Architecture
This page covers Edgebric's technical architecture for contributors. For user-facing explanations, see the Guide.
Tech Stack
| Layer | Technology |
|---|---|
| Runtime | Node.js 20+, TypeScript 5.7 |
| Backend | Express 4.21 |
| Database | SQLite (better-sqlite3) + Drizzle ORM |
| Vector search | sqlite-vec (embedded in SQLite) |
| Keyword search | FTS5 (BM25 ranking) |
| Frontend | React 18, Vite 6, TanStack Router (file-based), TanStack Query |
| UI | TailwindCSS, shadcn/ui, Radix UI |
| Desktop | Electron 33 (electron-vite) |
| AI inference | llama.cpp (llama-server), OpenAI-compatible API |
| Embeddings | nomic-embed-text (768-dim) via llama-server |
| Auth | OIDC/SSO (passport-openidconnect) |
| Package manager | pnpm 10.6 (workspace monorepo) |
Package Dependencies
@edgebric/desktop
└── manages → @edgebric/api (server process)
├── @edgebric/core (business logic)
└── @edgebric/types (shared interfaces)
@edgebric/web (built as static files, served by api)
└── @edgebric/types
@edgebric/core (zero external dependencies)
└── @edgebric/typesThe desktop app is the top-level orchestrator. It starts llama-server, then the API server, and serves the pre-built web frontend.
RAG Pipeline
The core retrieval-augmented generation flow (in @edgebric/core):
Ingestion
Document → File type detection (magic bytes)
→ Text extraction (Docling for PDF, Mammoth for DOCX, OCR fallback)
→ Cleaning (strip headers/footers, normalize whitespace)
→ Semantic chunking (heading boundaries, tables atomic, 100-800 tokens, 50-token overlap)
→ PII detection (spaCy NER)
→ Embedding (nomic-embed-text, 768-dim vectors)
→ Storage (sqlite-vec for vectors, FTS5 for full text)Query
User query → Embed query
→ Vector search (sqlite-vec, cosine similarity)
→ Keyword search (FTS5, BM25)
→ Reciprocal Rank Fusion (merge results)
→ Context assembly (parent-child chunks: 256-token children for precision, 1024-token parents for LLM context)
→ System prompt construction
→ LLM inference (llama-server)
→ Citation extraction and validation
→ Answer type classification (grounded/blended/general/blocked)

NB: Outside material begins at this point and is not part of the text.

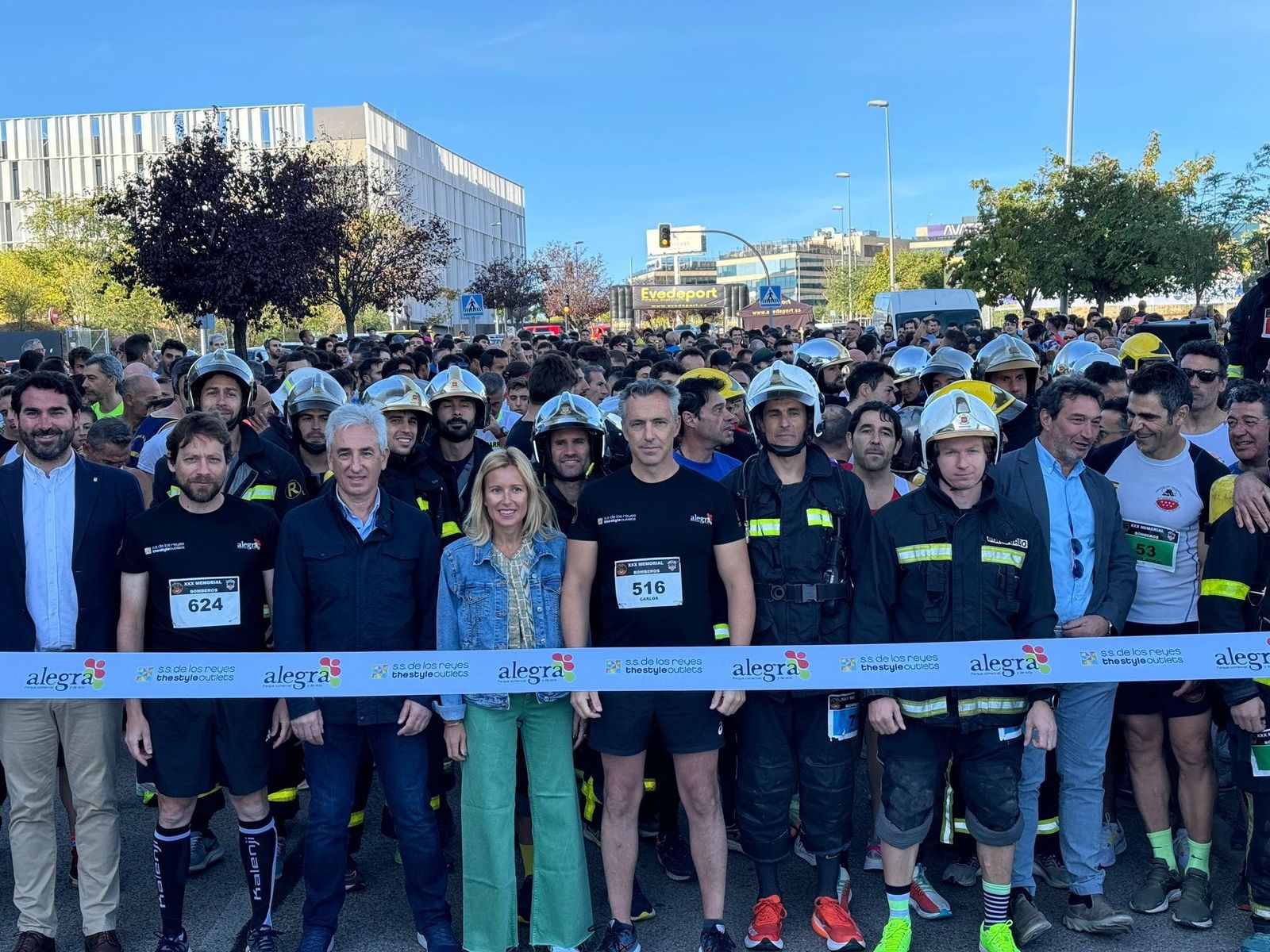 Bomberos de la Comunidad recuerdan con una carrera a compañeros caídos en acto de servicio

→ SSE streaming to clientHybrid Search
Edgebric combines two search strategies:
- Vector search (sqlite-vec): Finds semantically similar content even when different words are used
- Keyword search (FTS5 with BM25): Finds exact term matches, handles names and codes well
Results are merged using Reciprocal Rank Fusion (RRF), which combines rankings from both methods into a single score.
Mesh Architecture
For multi-node deployments:
Primary Node
├── Handles OIDC auth for all users
├── Maintains node registry
├── Coordinates cross-node queries
└── Fans out queries via HTTP (Promise.allSettled)
Secondary Node(s)
├── Hold their own documents/vectors
├── Respond to /api/mesh/peer/search
├── Send heartbeats (30s interval, 90s stale timeout)

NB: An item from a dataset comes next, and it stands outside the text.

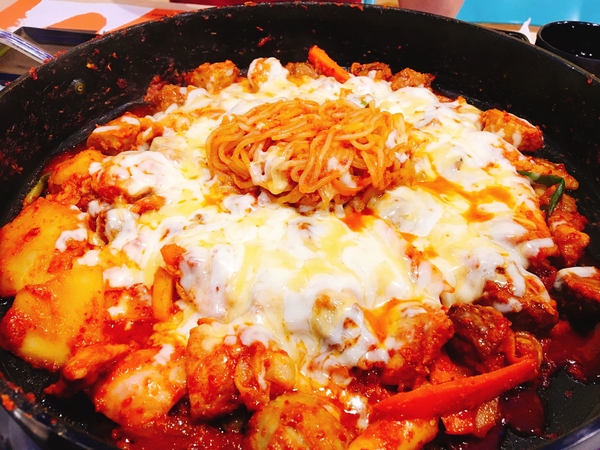 OMAYA春川炒雞(新店店):(新北。新店區美食) 『Omaya春川炒雞-新店店』急速蔓延!!韓國炒雞來也~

└── Authenticate via mesh tokenNo document replication. Each document lives on exactly one node. The primary node merges search results from all nodes and generates the final answer.
Database
Single SQLite database per node with embedded extensions:
- sqlite-vec: Vector storage and similarity search
- FTS5: Full-text search with BM25 ranking
Schema is defined in Drizzle ORM (packages/api/src/db/schema.ts). Database initialization runs CREATE TABLE statements on first launch. Schema changes use ALTER TABLE migrations for existing databases.
Security Architecture
- Session-based auth (httpOnly cookies, CSRF double-submit)
- Per-data-source access control (email-based ACLs)
- Immutable hash-chained audit log
- Helmet CSP + HSTS in production
- Rate limiting at multiple levels
- Zod validation on all API inputs
- Mesh token authentication for inter-node communication
- AES-256-GCM encryption for vault mode
Key Architecture Decisions
Why SQLite?
Single-file database that embeds vector search and full-text search. No external database server to manage. Each node is self-contained.
Why llama.cpp?
Runs open-source models locally with excellent Apple Silicon support (Metal acceleration). OpenAI-compatible API means we're not locked to any specific model.
Why Electron?
macOS menu bar app that manages server lifecycle. Non-technical users need a native app experience — they shouldn't need to know about servers, ports, or terminals.
Why no document replication?
Physical isolation is a feature. If legal documents are on Node A and HR documents are on Node B, a compromised Node B literally cannot access legal data. Security by architecture, not access control.
For detailed rationale on these and other decisions, see the internal planning docs.